» **WHAT IS REQUIRED**:
Search the listing below for the line with "High-Waisted Baggy Ripped", then write out that line and every one after it exactly, without the pictures.

» **STORED DATA**:
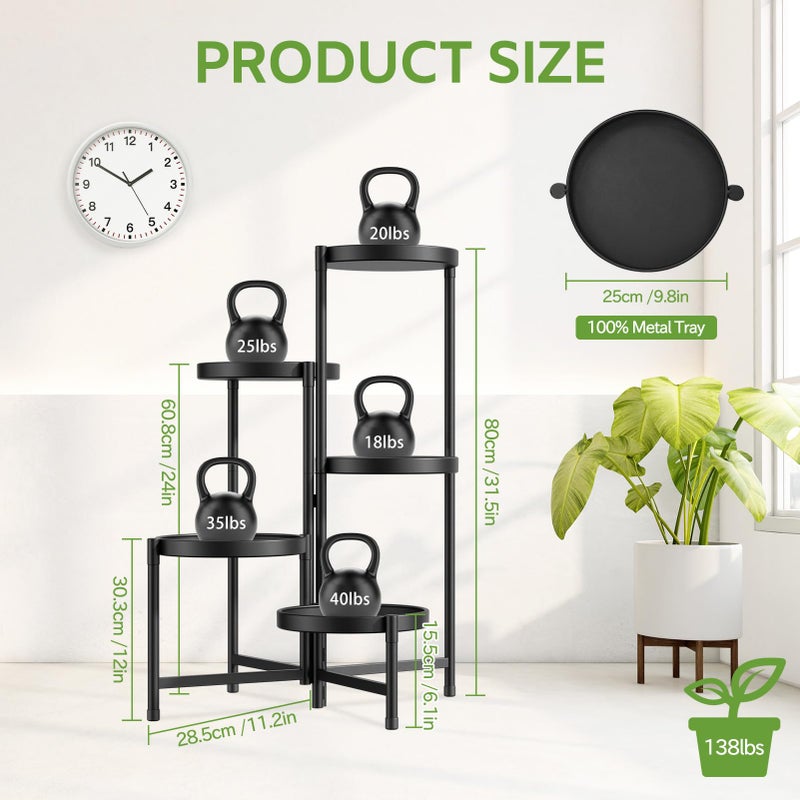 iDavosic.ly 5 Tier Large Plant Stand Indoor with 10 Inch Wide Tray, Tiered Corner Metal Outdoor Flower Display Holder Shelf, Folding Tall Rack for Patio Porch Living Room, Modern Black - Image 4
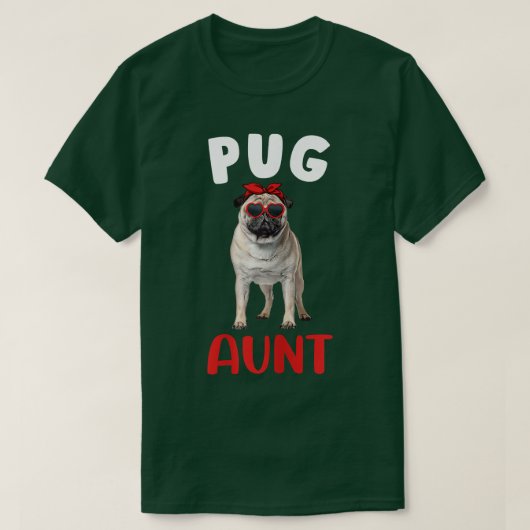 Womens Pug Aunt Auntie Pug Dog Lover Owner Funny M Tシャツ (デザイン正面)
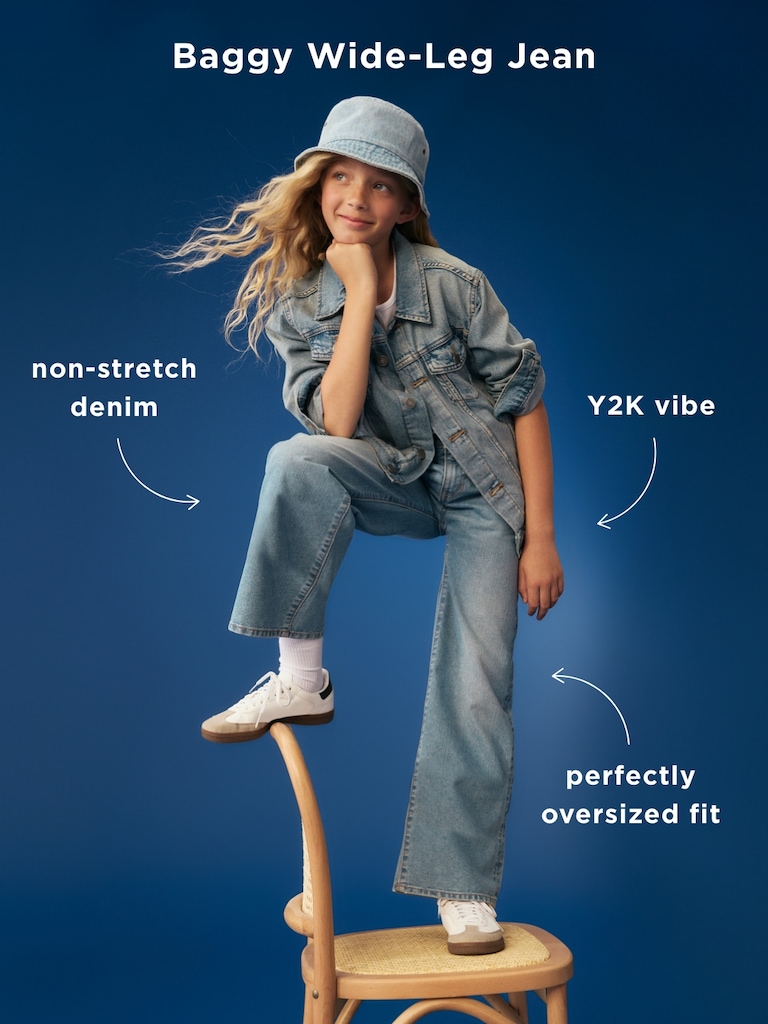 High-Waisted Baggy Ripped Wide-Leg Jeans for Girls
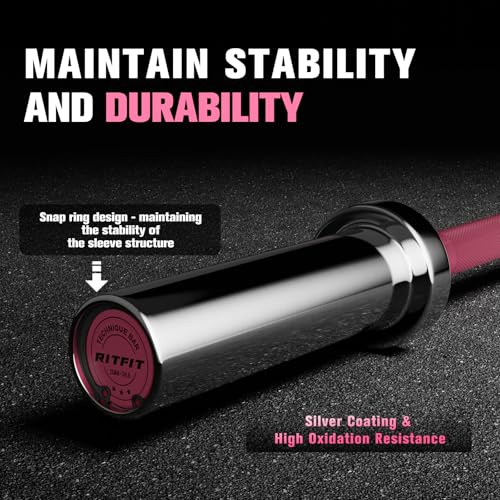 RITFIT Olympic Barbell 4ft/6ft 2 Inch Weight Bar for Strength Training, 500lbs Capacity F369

» **RESPONSE**:
 High-Waisted Baggy Ripped Wide-Leg Jeans for Girls
 RITFIT Olympic Barbell 4ft/6ft 2 Inch Weight Bar for Strength Training, 500lbs Capacity F369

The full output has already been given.